3. The law of 2 July 1990 officially defined an appellation of origin (AOC) as “the name of a district, region or locality serving to designate a product which comes from there and which its quality or its character are due to the geographical environment, including natural and human factors” (INAO 2001).

4. Five kinds of sources have formed my information base on Cassis viniculture: discussions with local vignerons; minutes of syndicate meetings (CitationSyndicat des Vignerons de Cassis, 1985–1997); unpublished and published documents in the Archives départamentales des Bouches-du-Rhône in Marseille (Cassis 1832); unpublished information in the Mairie de Cassis; and records of the INAO regional office in Hyères (CitationINAO 1997).

5. Cassis is sometimes confused with cassis (pronounced ka sēs), the black currant (Ribes) grown especially around Dijon, from which a popular liqueur crème de cassis is made.
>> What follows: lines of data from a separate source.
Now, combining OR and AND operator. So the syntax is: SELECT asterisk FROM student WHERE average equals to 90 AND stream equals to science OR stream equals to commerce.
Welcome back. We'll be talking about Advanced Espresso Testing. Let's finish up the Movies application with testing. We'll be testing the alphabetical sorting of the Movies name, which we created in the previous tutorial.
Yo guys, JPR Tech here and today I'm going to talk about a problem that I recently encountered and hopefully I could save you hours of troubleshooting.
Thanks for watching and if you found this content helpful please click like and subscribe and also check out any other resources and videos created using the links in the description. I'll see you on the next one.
No currants are grown in the Commune of Cassis (pronounced ka sē), nor does the wine have anything to do with the fruit of that name.

6. This oenological practice, permitted in many appellations in the cooler parts of France, is forbidden in the south. It is now called by the euphemism, enrichissement du moût (enrichment of the must) to remove the stigma attached to the word chaptalisation (in English, chaptalization).
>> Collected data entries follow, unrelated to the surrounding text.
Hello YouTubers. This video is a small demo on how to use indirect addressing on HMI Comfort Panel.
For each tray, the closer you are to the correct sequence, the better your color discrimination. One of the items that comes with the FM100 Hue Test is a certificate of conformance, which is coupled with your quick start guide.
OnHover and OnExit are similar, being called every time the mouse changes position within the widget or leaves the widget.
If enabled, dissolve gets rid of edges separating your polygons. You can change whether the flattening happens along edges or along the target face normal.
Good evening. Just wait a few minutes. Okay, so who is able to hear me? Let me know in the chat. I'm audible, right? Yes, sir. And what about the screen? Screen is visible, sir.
7. The most well-known line of CitationMistral's (1887, 107) poem “Calendal” reads: “L'abeille n'a pas de miel plus doux: il brille comme un diamant limpide, et sent le romarin, la bruyère et le myrte, qui recouvert nos collines; et dans le verre …” [The bee has no sweeter honey; it shines like a clear diamond and smells of the rosemary, heather and myrtle that cover our hills—and in the glass …]

8. A recent “coffee table book” conveys what in France is deemed worth knowing for the public about Cassis wine and viniculture (CitationChastel-Chagnaud 1999). Lovely colored photographs, recipes, wine labels, and extravagant prose make this volume a winsome promotional tract. A sober, dispassionate account, even if the criticism were tempered with acclaim, would not be well received. The wine-consuming public gets much less depth, complexity, and balance in their reading than in the wines they drink.

9. A more restrictive system known as métayage prevailed until diversified farming gave way to specialization on wine grapes (CitationLivet 1962, 356–60).